I think Paul Campos' response to the shooting at the Holocaust Memorial Museum yesterday is worth pondering.
If radical Muslims had carried out terrorist attacks in Kansas and Washington DC over the past five days, we might be trying to pass legislation giving the president the legal authority to place people in preventive detention, and Daniel Pipes would be implying that we need to round up Arab-Americans (correction: Muslims) and put them in relocation camps.But it was only a couple of old white guys, so our civil liberties remain unthreatened.
There's been a startling trend of fringe-right violence recently, from Richard Poplawski to Scott Roeder and now James Von Brunn. But we view these instances of violence as the acts of deranged individuals rather than of groups because they are white men.
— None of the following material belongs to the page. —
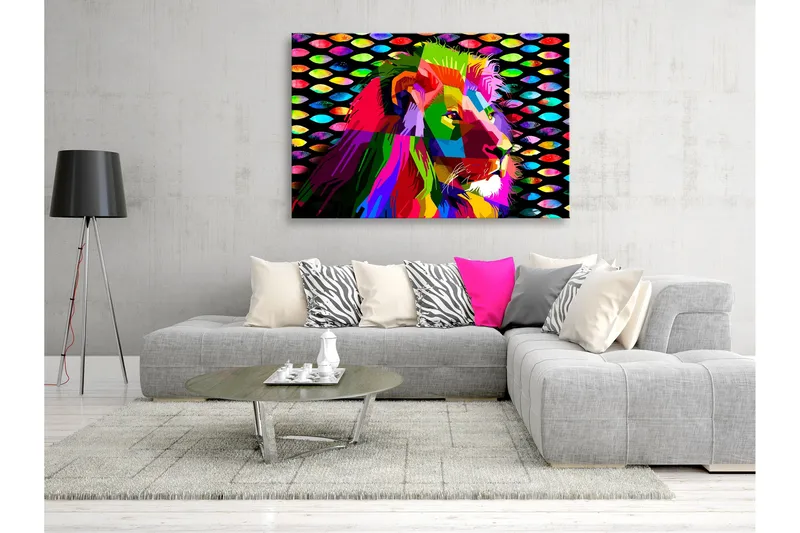 Billede Rainbow Lion (1 del) Bred 90x60, Artgeist sp. z o. o.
Campos' hypothetical isn't mere snark, Michelle Malkin wrote an entire book defending the internment on the basis of race in the case of Japanese internment during World War II. Cliff May argued that torture is justified against Muslims because they're Muslim. Republicans have opposed the transfer of terrorists to American prisons on the grounds that our prison facilities might not be able to hold them, and Ed Morrisey is apparently planning his vacation around avoiding the recently relocated Chinese Uighurs. Imagine what attempting to close Gitmo, banning torture, or even withdrawing from Iraq would look like in the aftermath of three attacks perpetrated by Muslim rather than right-wing extremists.
Campos' post implies an unsettling question. How much of the call for "extraordinary measures" in fighting terrorism has to do with the unique challenges of fighting global terrorism, and how much of it has to do with an irrational, orientalist fear of all things Arab and Muslim?